REPUBLIKA.CO.ID, JAKARTA -- Anggota Komisi II DPR dari Fraksi Partai Amanat Nasional (PAN) Guspardi Gaus menilai, ambang batas perncalonan presiden (presidential threshold) sebesar 20 persen, akan membatasi jumlah pasangan calon yang akan berkontestasi. Menurutnya, sebaiknya presidential threshold (PT) dihapuskan saja.
Guspardi mengatakan, jika PT sebesar 20 persen kembali diterapkan pada pemilihan presiden (Pilpres) 2024, ia memprediksi hanya akan diikuti oleh dua pasangan calon saja. Hal tersebut dinilai kurang dalam memberikan pilihan ke masyarakat.
"Jika aturan mengenai presidential threshold tidak berubah, maka pada Pilpres 2024 dimungkinkan jumlah pasangan calon yang akan diusung juga hanya dua pasang," ujarnya dalam keterangan tertulisnya, Senin (8/6).
Koalisi antar partai yang terbentuk untuk mengusung pasangan calon juga dipastikannya akan sedikit. Karena partai tentu tak akan mengambil jalan aman agar pasangan yang didukungnya menang.
"Sebaiknya dihapuskan saja presidential threshold ini dan paling tidak partai yang lolos ke senayan seharusnya diberikan hak mengajukan calon presiden dan wakil presiden," katanya.

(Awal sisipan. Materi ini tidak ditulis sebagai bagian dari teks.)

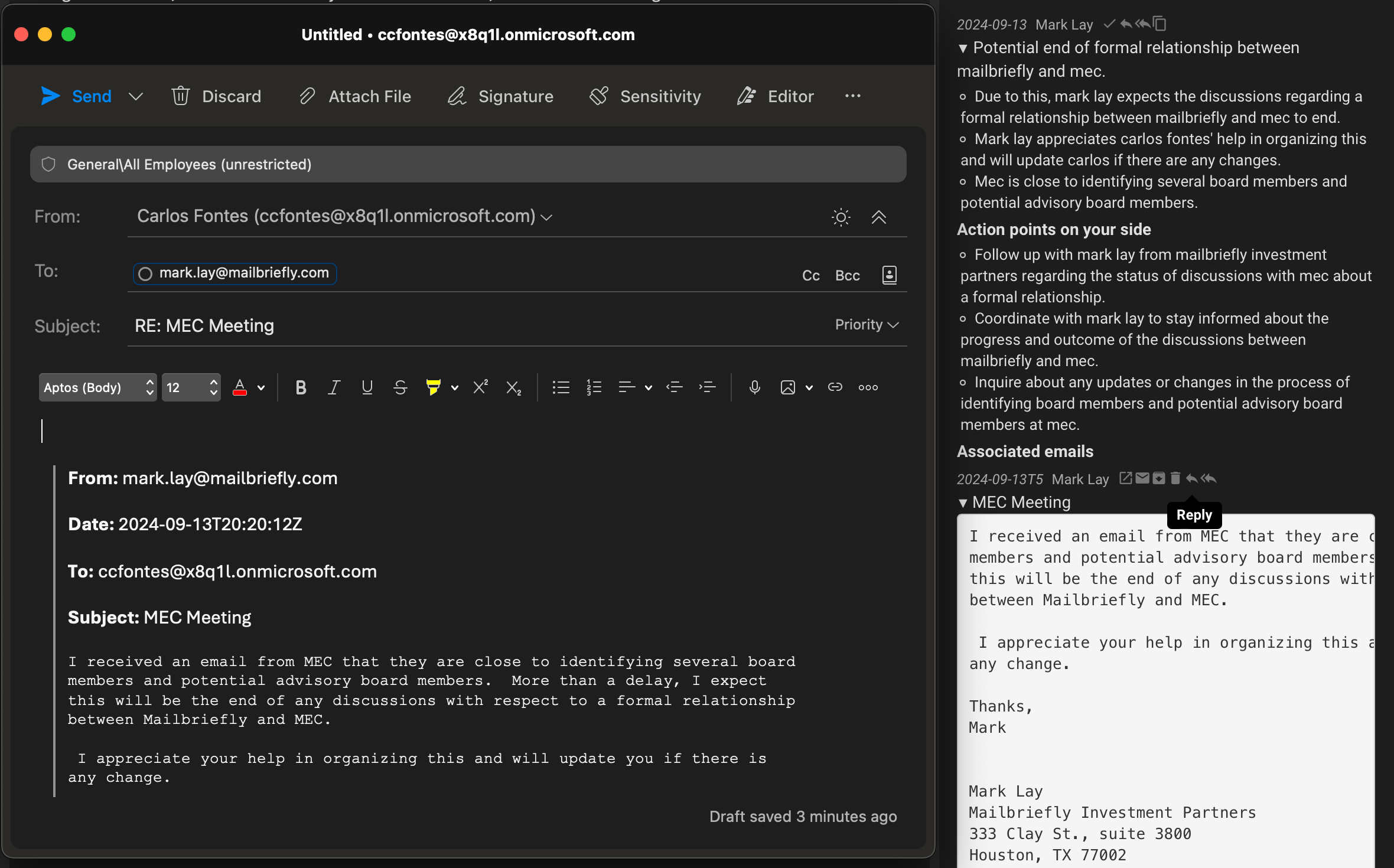 <span>Reply to emails under a topic</span>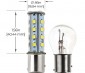 1157 LED Boat and RV Light Bulb - Dual Function 28 SMD LED Tower - BAY15D Retrofit - 675 Lumens: Profile View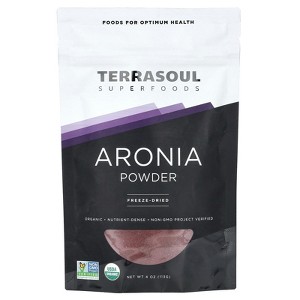 Terrasoul Superfoods Aronia Powder, Freeze Dried, 4 oz (113 g) - 1 of 2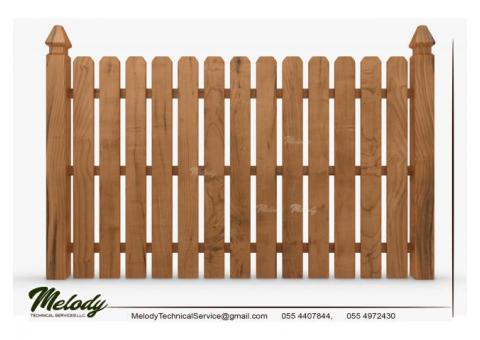 Buy Wooden Fence For Garden And Kids Privacy in Dubai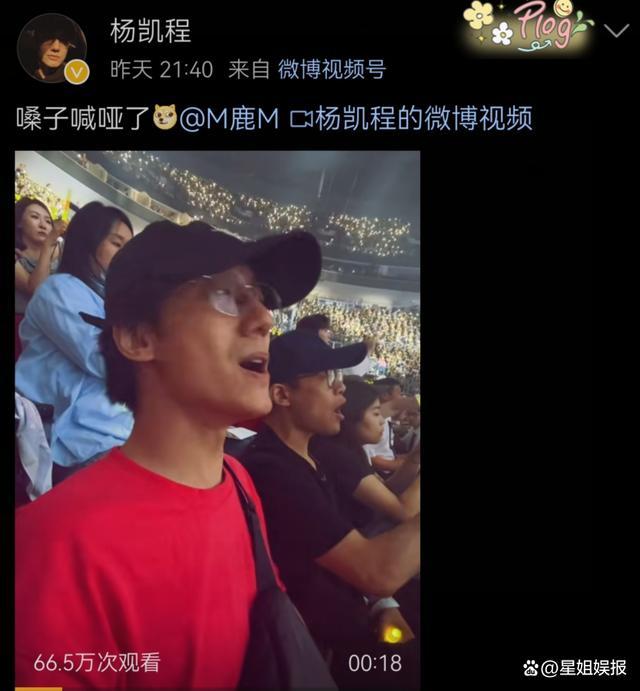 鹿晗北京演唱会好热闹！罗一舟现身化身低调迷弟，多位圈内同行现身演唱会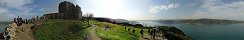 The Bosphorus and the Black Sea from Anadolu Kavagi (Turkey)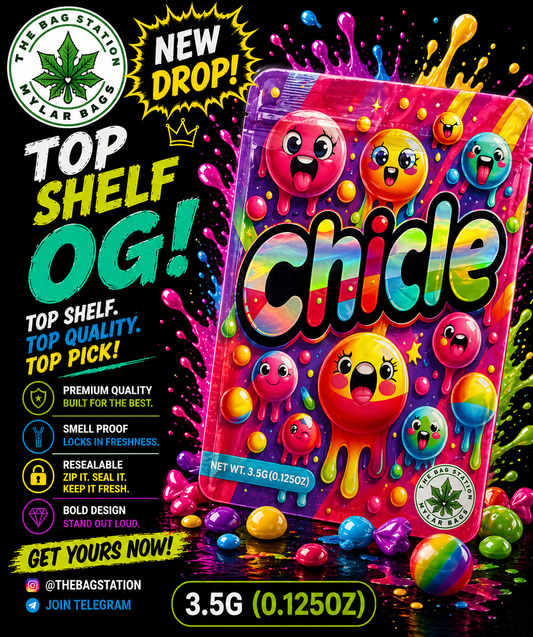 Chicle Mylar Bags – Classic Sweet Look, Fresh Protection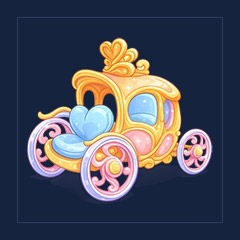 Rose Petal Carriage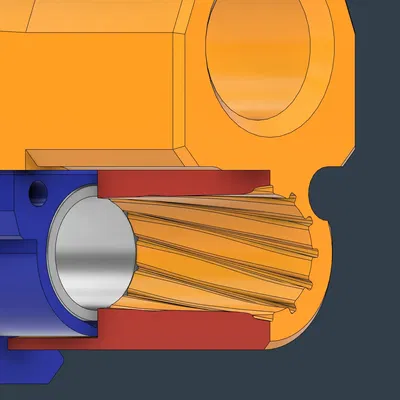 Bộ phận bắn tên lửa Zinc 2.0 chống xoáy V2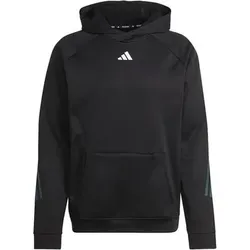 ADIDAS Herren Kapuzensweat Train Icons 3-Streifen Training, Größe S in Schwarz Schwarz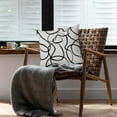 thumbnail image 3 of Abstract Pillow Covers - Black and White Pillow Covers, Accent Pillows 18x18 Pillow Cover, Flannel,Home Living Room Decor, Couch Pillows for Living Room, Black and White Decorative Pillows, 3 of 6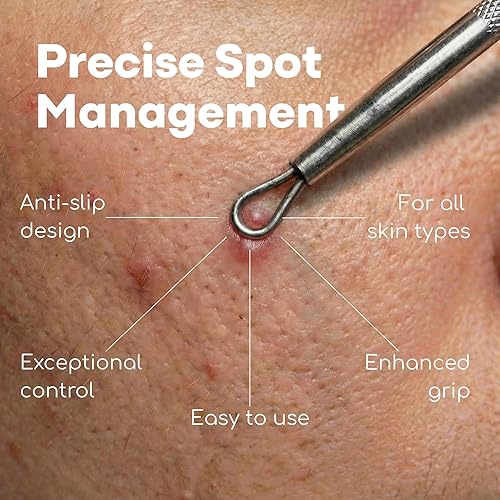 Miniatura 5 de Kit removedor de puntos negros con papel secante de control de aceite [50 hojas] – Popper de espinillas de acero inoxidable, kit de extracción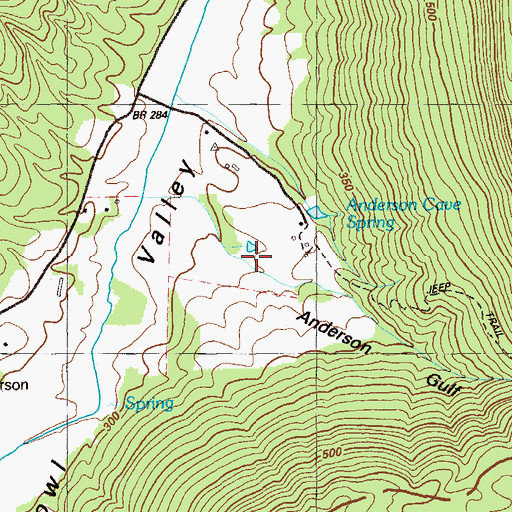 Topographic Map of Anderson Gulf, GA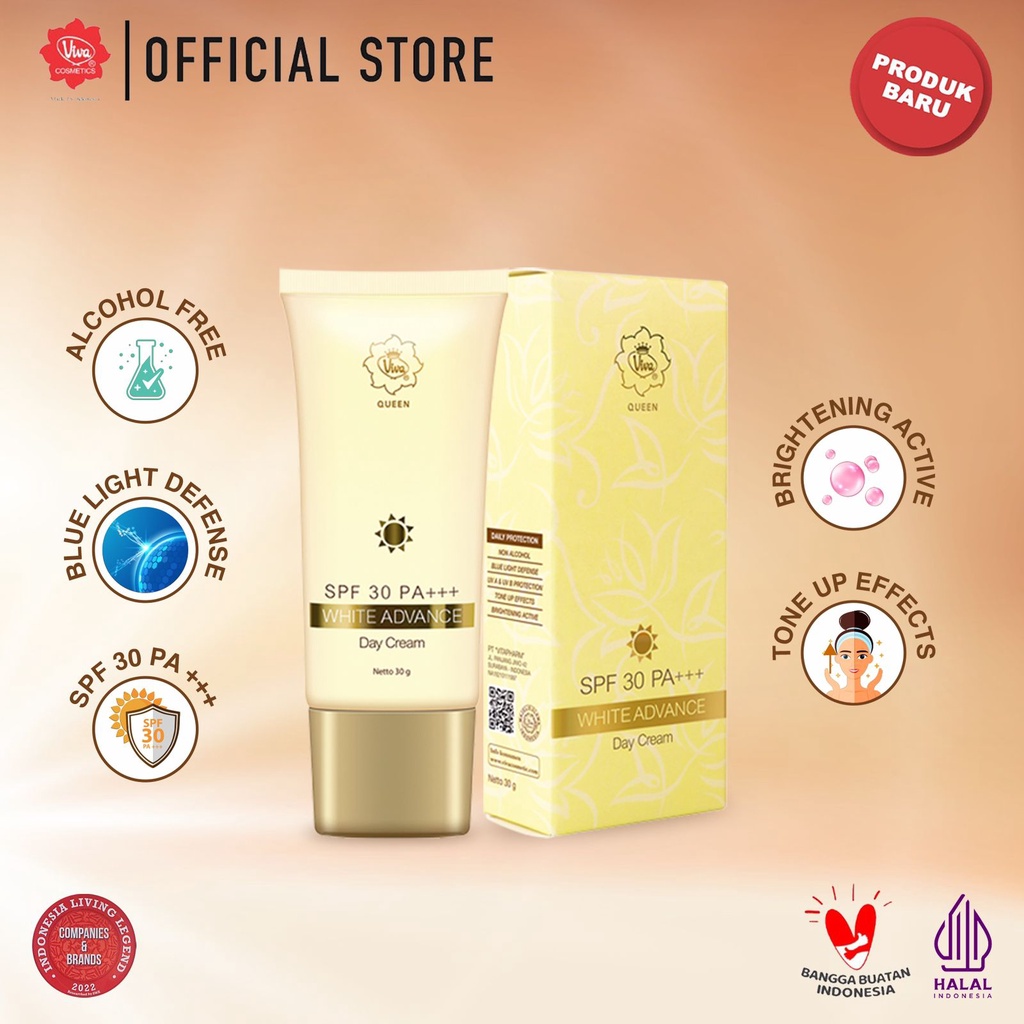 Jual Viva Queen White Advance Day SUNSCREEN Cream SPF 30 PA+++ with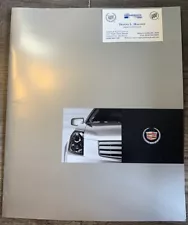 2003 Cadillac CTS Sales Brochure Catalog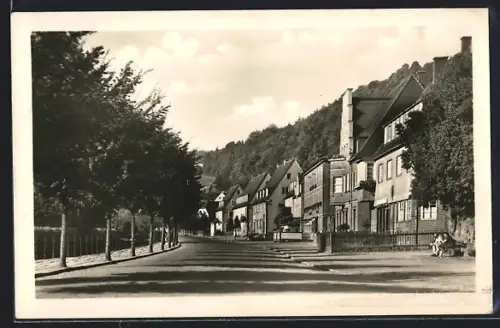 AK Berggiesshübel, Karl-Marx-Strasse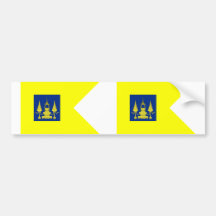 Boromrajawong Yai bandera de Tailandia, Tailandia Pegatina De Parachoque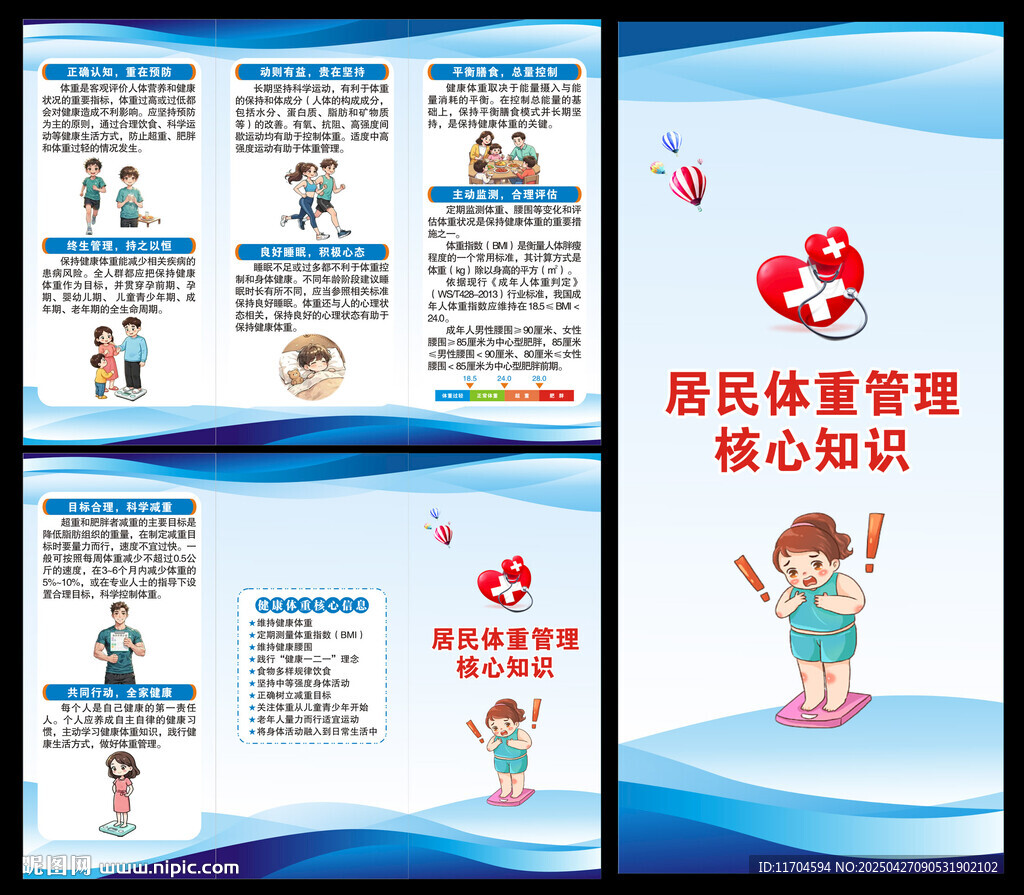 居民體重管理核心知識三折頁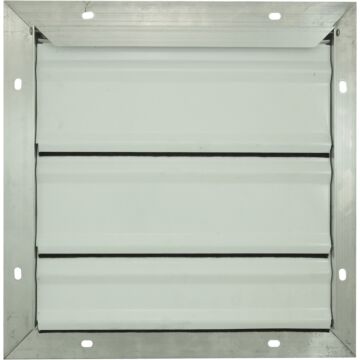 1-1/2 in Flange W Flat 26 ga Wall Backdraft Damper/Shutter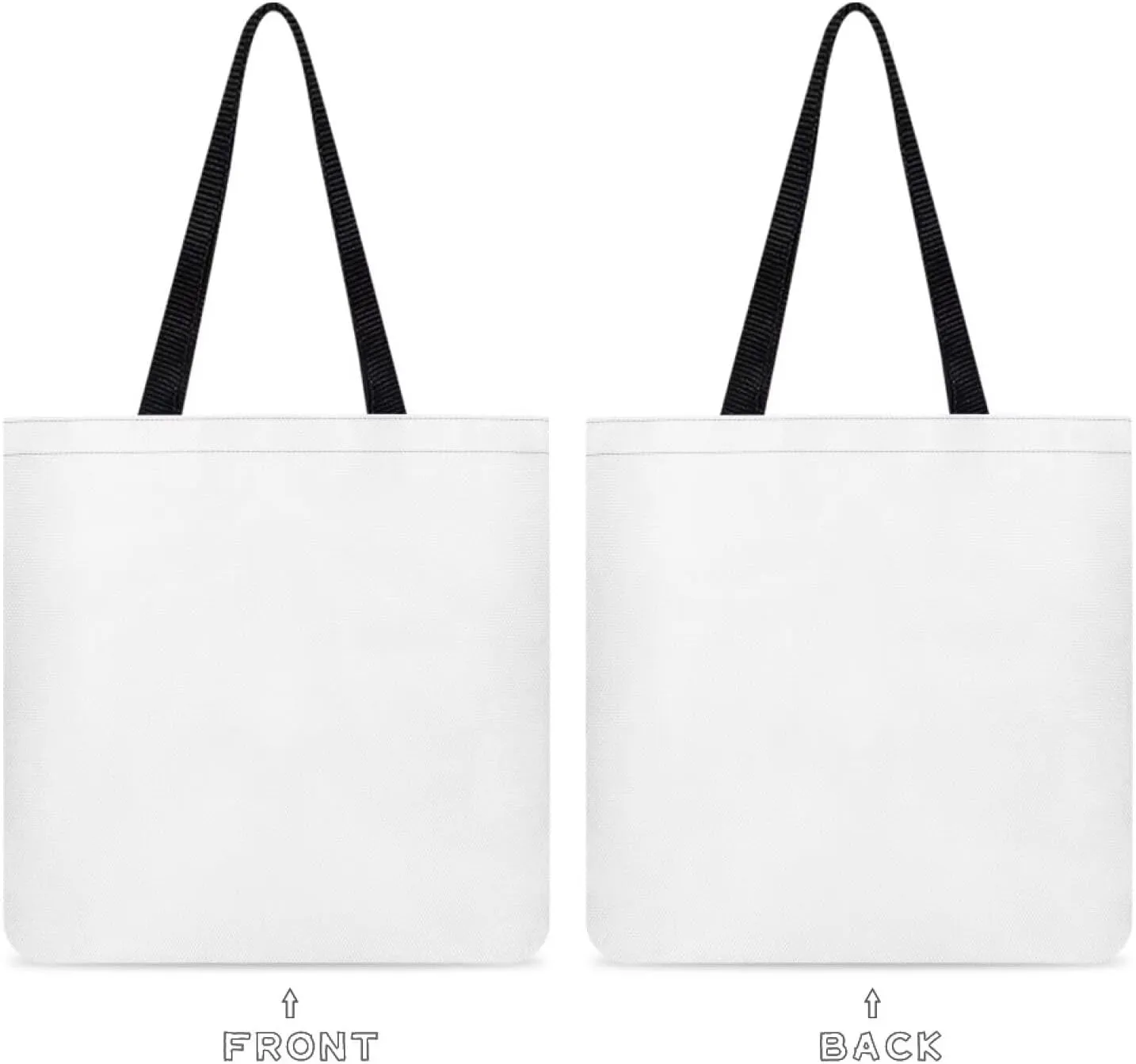 Canvas Bag with Handle Women Classic Large Canvas Grocery Bags Reusable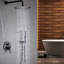 10" Wall Mounted Dual Function Shower System With Pressure Balanced Valve-62327999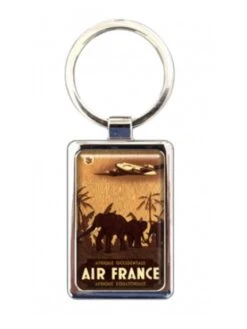 Porte-clés Métal Air France Afrique éléphants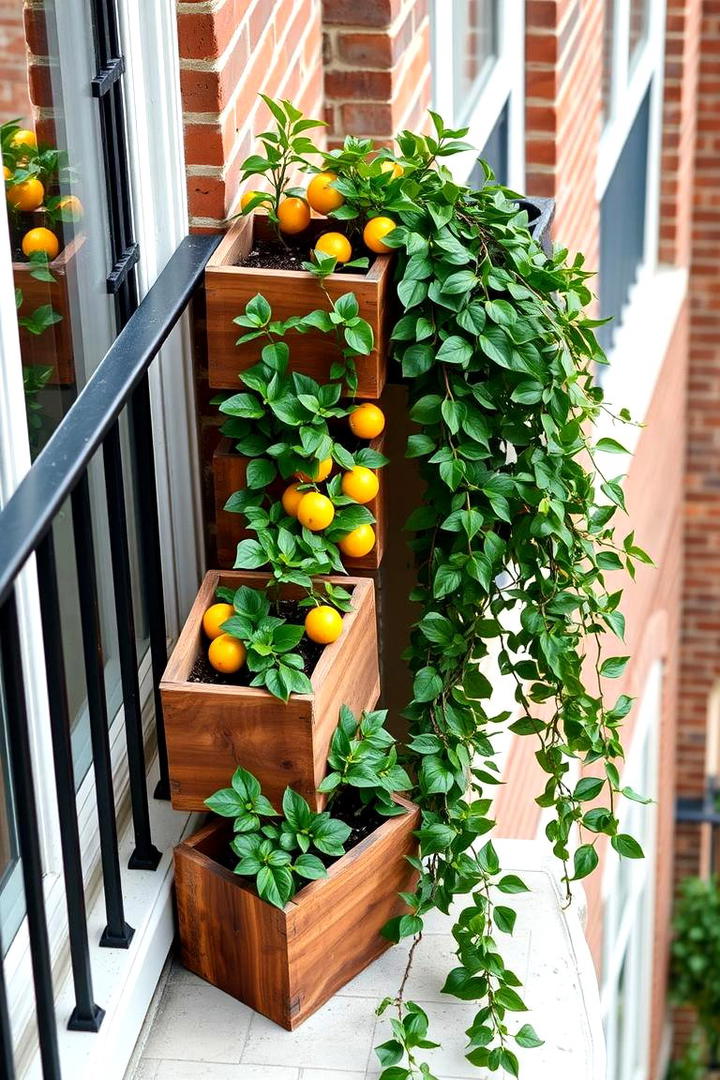 Compact Balcony Tiered Garden - 30 Tiered Garden Ideas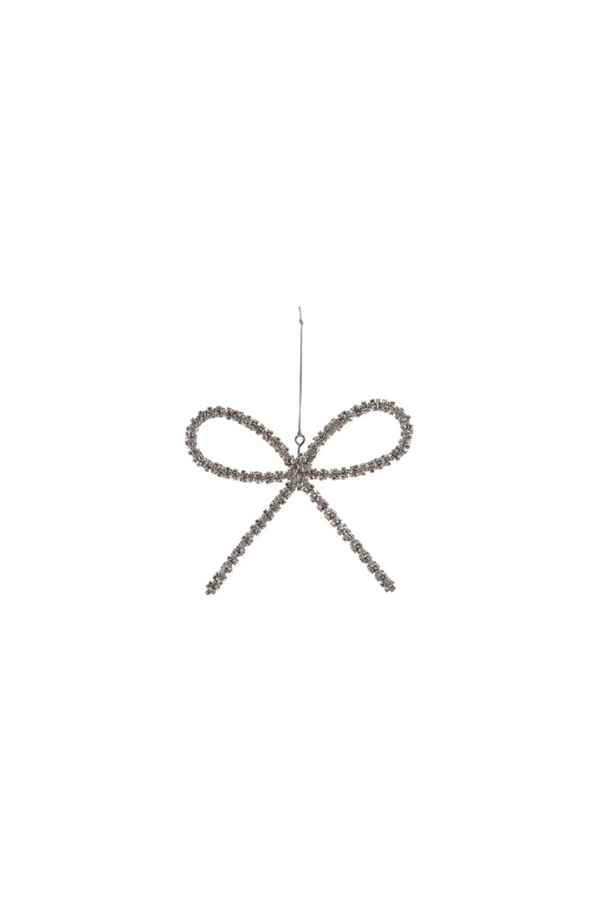 Rhinestone Bow Ornament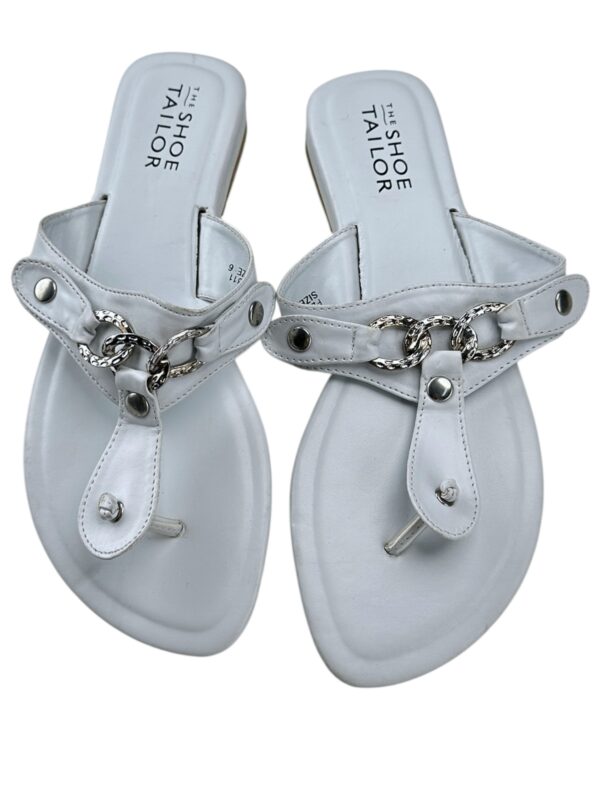 THE SHOE TAILOR Sandały Damskie Białe 39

Piplres 2019 seharusnya menjadi pembelajaran bahwa ambang batas presiden sebesar 20 persen tak terlalu baik manfaatnya. Sebab hanya akan ada dua pasangan calon, yang membuat masyarakat menjadi terbelah.
"Jangan sampai pesta demokrasi yang seharusnya disikapi dengan kegembiraan justru menciptakan permusuhan yang berkepanjangan di antara anak bangsa," ujarnya lagi.
Berbeda jika ada lebih dari dua pasangan calon, yang membuat adanya pilihan lain bagi masyarakat. Serta, hal tersebut dinilainya lebih baik bagi negara yang menganut sistem demokrasi.
"Rakyat punya hak untuk memilih mana calon terbaik tidak perlu direkayasa kita harus seleksi dulu melalui ambang batas," ujar Guspardi.
Sebelumnya, Wakil Ketua Komisi II DPR Saan Mustopa mengatakan, pembahasan revisi UU Pemilu mencuat usulan terkait ambang batas presiden. Ada fraksi yang ingin 20 persen parlemen dan 25 persen dari suara yang sah, ada juga yang mengingikan presidential threshold itu berubah.
"Jadi di paling minimal 10 persen parlemen dan suara sekitar 15 persenan. Ini isu-isu yang relatif menonjol di parlemen di Komisi II," kata Saan.